Slashdot Mirror


Fault Tolerant Shell

Paul Howe writes "Roaming around my school's computer science webserver I ran across what struck me as a great (and very prescient) idea: a fault tolerant scripting language. This makes a lot of sense when programming in environments that are almost fundamentally unstable i.e. distributed systems etc. I'm not sure how active this project is, but its clear that this is an idea whose time has come. Fault Tolerant Shell."

5 of 234 comments (clear)

  1. You're dealing with the problem too high up by phaze3000 · · Score: 5, Interesting
    IMO (as someone who works on clustered systems for a living) you're looking at this from the wrong point of view. A clustered shell is useful only if the system it is running on top of is inherently unstable.

    The real benefit is in having a system which is sufficiently distributed that any program running on top of it can continue to do so despite any sort of underlying failure.

    --
    Blaming GW Bush for the Iraq war is like blaming Ronald McDonald for the poor quality of food.
  2. Nice, which brings me too.... by MrIrwin · · Score: 5, Interesting

    The idea of being to timeout and exception handle in scripts is a great idea......assuming you want to use scripts. I think most people end up resorting to Perl, Python or whatever for anything more complex. But perhaps with this facility Scripts would be more useful? But...now I come to a related topic. I build factory wide systems, systems which have eg. Automatic warehouses and whatever in the middle. I do a lot of stuff with VB6 not because it is fault tolerant but because it is 'fix tolerant'. During the comminssioning phases I can leave a program running in the debugger and, if it freaks out, I can debug, fix, test by iterating forwards and **backwards** in the the function that caused the hitch, and then continue to run were I left off. Many minor problems get fixed on the fly without users even realizing anything was amiss.
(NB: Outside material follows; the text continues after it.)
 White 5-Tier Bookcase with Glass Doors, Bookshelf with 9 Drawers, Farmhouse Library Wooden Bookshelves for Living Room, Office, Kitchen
In every other respect (syntax, structure, error trapping etc) VB6 is a disaster and not really suited at all to these types of progects, so the fact that I use it is a measure of how important this feature is. Like the fault tolerant shell, it is a 'non-pure' extension insofar as purists say it should not be neccessary, but in pratice it is a godsend. Anybody know an alternative for VB6 in this respect?

    --

    And if you thought that was boring you obviously havn't read my Journal ;-)

  3. this can essentially already be done in /bin/bash by xlurker · · Score: 5, Interesting
    (the concept of fault-tolerant coding encourages sloppy coding. and it makes it harder to see what's actually happening in the script. but that's not what they actually mean.)
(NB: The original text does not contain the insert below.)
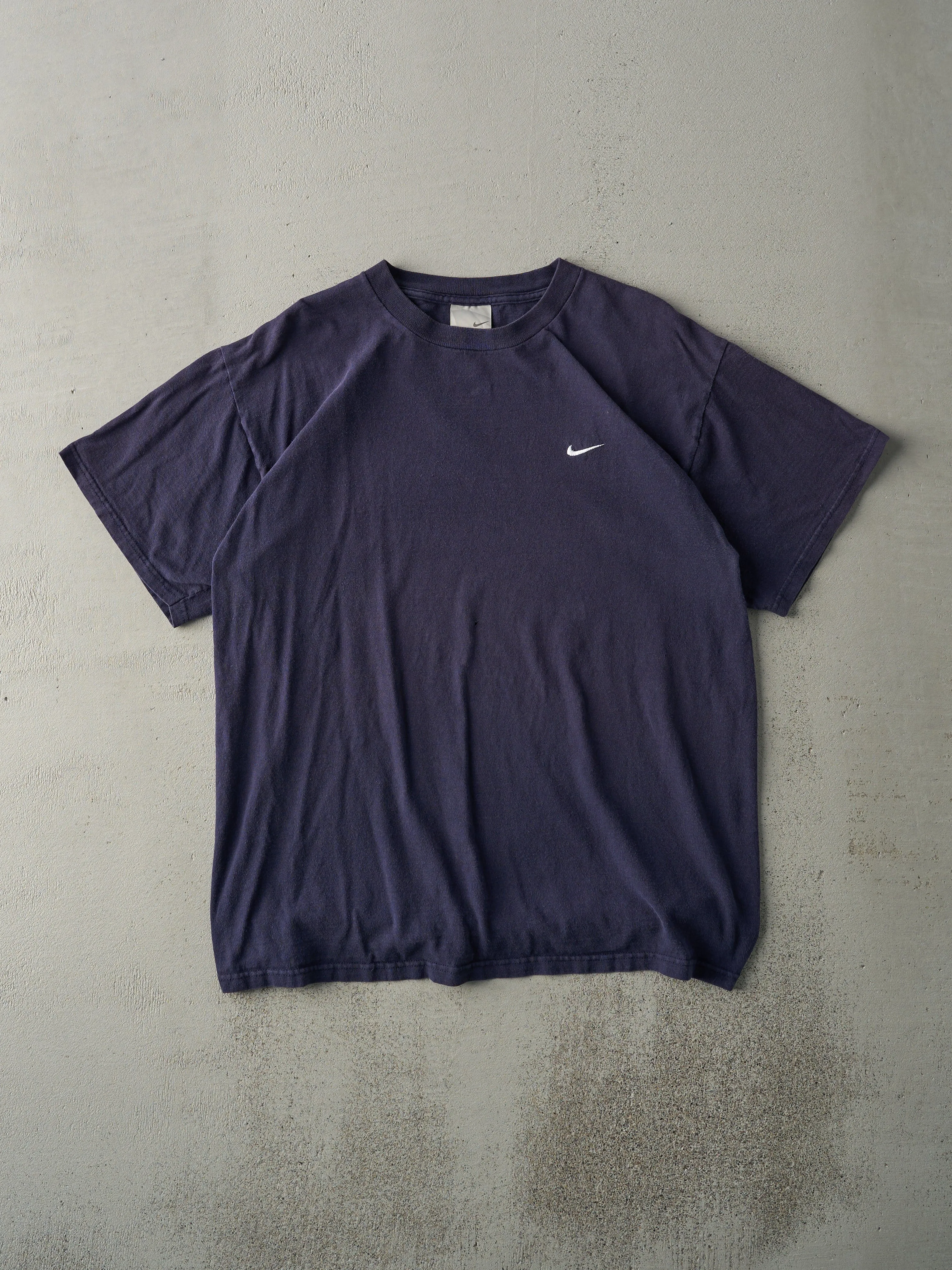 Vintage Y2K Navy Blue Nike Swoosh Embroidered Tee (M) sold by Rebalance Vintage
    what they seem to essentially want is

    • a try statement and error catching and
    • a fortran like syntax for testing and arithmetic
    I think the authors were a bit misguided. Instead of creating a whole new shell how about just extending a good existing shell with a new try statement a described.
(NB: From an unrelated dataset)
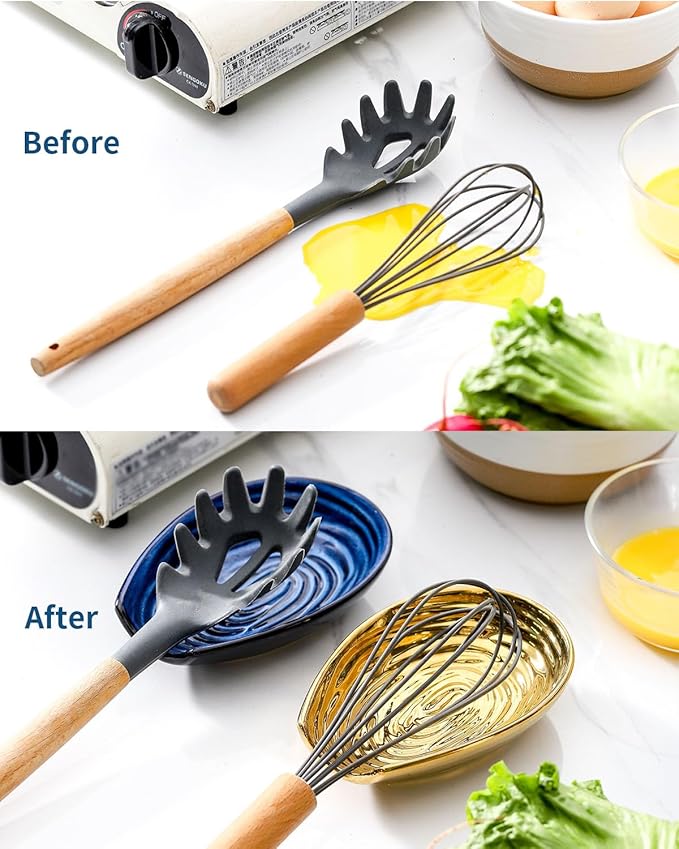 Hasense Spoon Rests Set of 2 for Stove Top, Large Ceramic Spoon Holder for Kitchen Counter, Cooking Utensil Rest for Spatulas, Spoons and Tongs, Kitchen Gadget Cooking Spatula Holder, Gold and Blue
    it can even be done without extending the shell:

    ( cd /tmp/blabla
    &&
    rm -rf tmpdir
    &&
    wget http://some.thing/wome/where
    ) || echo something went wrong

    as for the new syntax of .eq. .ne. .lt. .gt. .to.
    certainly looks like fortran-hugging to me , yuck

    as for integer arithmetic, that can be done with by either using backticks or the $[ ] expansion

    % echo $[ 12 * 12 + 10 ]
    % 154
    --
    ______________________________________________
    sigamajig...
  4. Once again, Babbage was thinking ahead... by andersen · · Score: 5, Interesting

    "On two occasions I have been asked [by members of Parliament!], 'Pray, Mr.
    Babbage, if you put into the machine wrong figures, will the right answers
    come out?' I am not able rightly to apprehend the kind of confusion of ideas
    that could provoke such a question."
    -- Charles Babbage

    --
    -Erik -- --This message was written using 73% post-consumer electrons--
  5. OK, wise guys... by JAPrufrock · · Score: 5, Interesting
    I'm working with Grid and ftsh as we speak. I'm a physicist, not a professional coder. I write reasonable code, but I'm no purist. With that said...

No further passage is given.